Photo courtesy of Aamir Khuller’s Instagram.

Photo courtesy of Aamir Khuller’s Instagram.

What is it that compels us to engage with the material (and immaterial) things in our world? “Life’s Goods” as our InTheRough page describes.

The clothes we wear, the music we listen to, the posts we share & like, even the furniture we buy for the dwellings we live in are dictated by behavioral motivations we have as human beings.

In 1943, psychologist Abraham Maslow developed a hierarchy of needs, outlining behavior through prisms of physiology, safety, love/belonging, esteem, and self actualization. We are motivated by primal instincts, yes—the need for food, shelter, and copulation are first in the natural order of things—while other motivations like security and value become more extrinsic, rooted in reward-based systems. The importance of your financial wellbeing or the desire for a luxury vehicle versus ‘I just need a car that runs’ are examples that come to mind. Such needs are satisfied by design; the manner in which we facilitate our consumption, protection, procreation, construction/destruction, and other societal frameworks.

The nature of being human has seemed to me a series of attempts in imprinting control over what we perceive to be out of ours, but most of these definitions are held up flimsily by a collective spiral of silence.
— Aamir Khuller, artist & designer

Aamir Khuller is a Los Angeles-based graphic designer, photographer, art director, videographer, production assistant, and film director reinforcing the branding and aesthetics of his “tribe” of friends and artists who inspire him.

If you’re hip to Washington, D.C.-based artists Sir E.U and Jamel Zuñiga; Rob Stokes and October ‘71; or Tony Cruise, chances are you’ve seen Khuller’s work. As a designer, he’s been commissioned to capture and interpret the sonic tastes of these artists into adequate visual representations including graphics, photographs, videos, and flyers.

We saw Khuller’s art direction in grand scale last November, when sound engineer Tony Cruise fka Tony Kill debuted his latest LP, Replica, on 926kmh.com. The now defunct website designed by Khuller premiered Cruise’s music in a unique audiovisual experience that was alternative to contemporary streaming methods. “Traditional albums are dead,” Cruise told me. We briefly discussed the creative execution of the project in between tracks at a Tech Yes in December. “Don’t even talk to me about it. Talk to Aamir. He ran with it.”

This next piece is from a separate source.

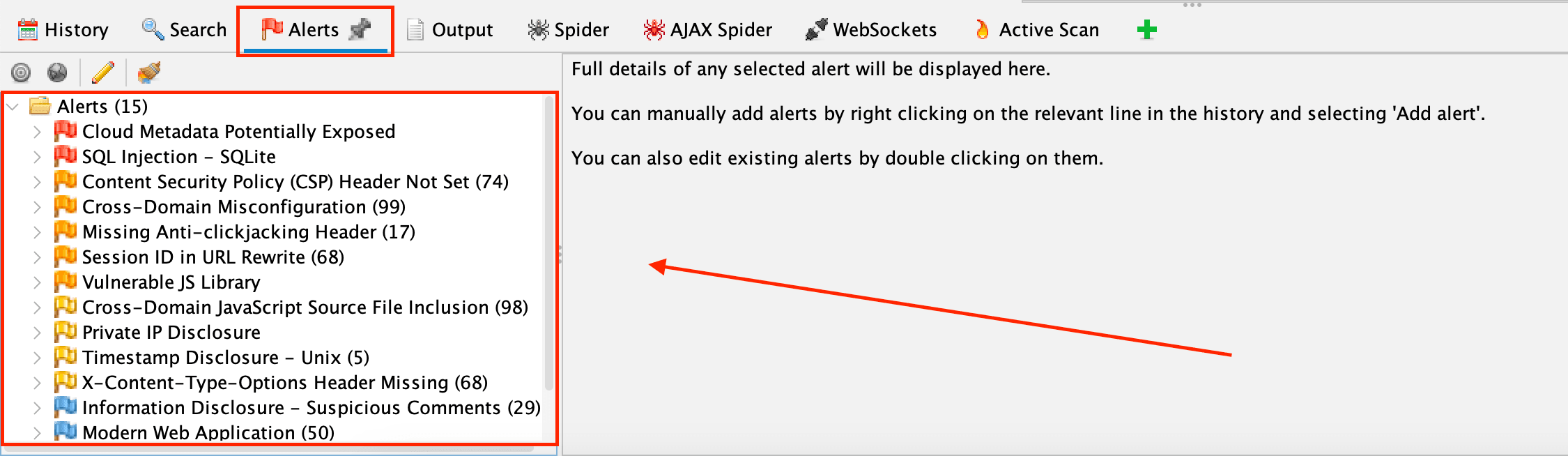 ZAP Alerts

For Cruise who is so entrenched in the way his music is perceived, it was interesting to find out he relinquished one of the more external-facing aspects of the project to someone else. I caught up with Khuller, the man Cruise entrusted to design the webpage, via email to understand more about the genesis and evolution of 926kmh.com as well as the creative communities he supports on the East and West coasts.

ITR: I asked Tony about the design of the website he released Replica on, 926kmh.com, and he told me he didn’t give you much direction. Talk about that level of trust.  How’d you meet?

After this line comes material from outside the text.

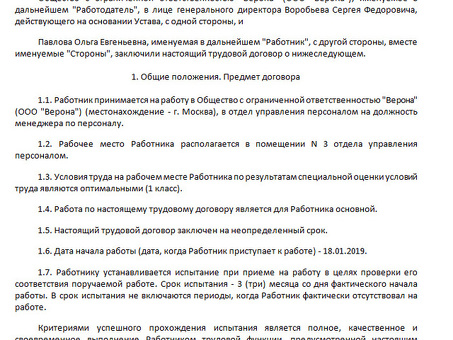 Основные трудовые договоры |Профессиональные услуги |Наименование компании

AK: Tony was my uncle in a past life or something like that. He wished me happy birthday one year and sent me his address and I ran up on him like a month later, etc. In regards to trust, we probably identify with similar fascinations over quality of detail and have similar taste. This bamma didn’t even have the music for me to listen to when I made the campaign haha.

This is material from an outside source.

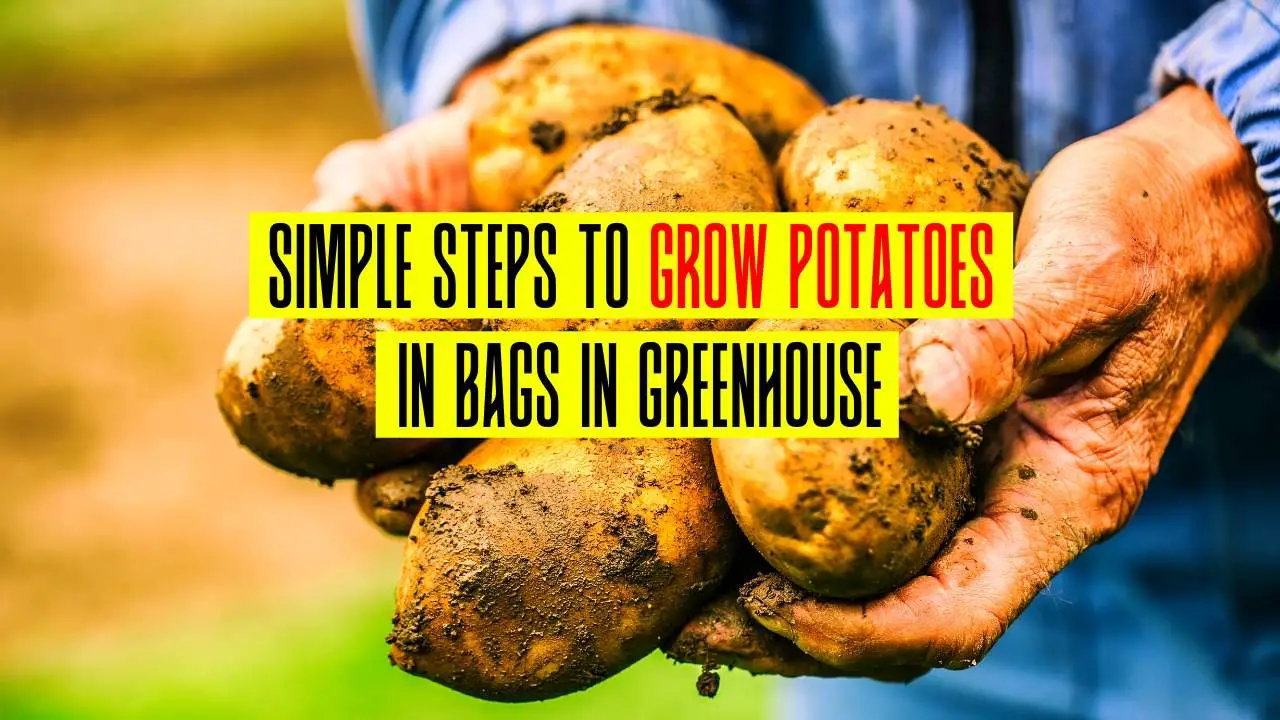 Simple Steps To Grow Potatoes In Bags In Greenhouse | Slick Garden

In order to have a replica, there has to be an original.  In Tony’s case, that’s Thought Crimes.  How did the music and even the cover art/branding of that project inform your design process for this go-round?

My design process is pretty impulsive, I don’t know how much it directly informed it but in retrospection there’s some overlap in the spontaneity and texture. I’m not sure, the majority of fleshed out design took place in a day or so.

In what ways did the sonics of Replica influence your work?

Can I insert this

*disclaimer: everything I say ought not to be redacted*

.jpg into the article?

Courtesy of Aamir Khuller

Courtesy of Aamir Khuller

The URL of Replica sounds like a radio station.  What’s the significance of it?

Redefinition of muddied waters.

I noticed that the site had been updated periodically since Replica’s release.  Some of the words I read are familiar from Tony’s IG Stories.  Can you talk about how the page evolved?

Art, as experienced by the contemporary user, is continually defined evolution and flux so I think it’s crucial to reflect that. The nature of being human has seemed to me a series of attempts in imprinting control over what we perceive to be out of ours but most of these definitions are held up flimsily by a collective spiral of silence. Art is ongoing as are the relationships between subject, artist, and audience and what you see is the result of the technological apparatuses to do so.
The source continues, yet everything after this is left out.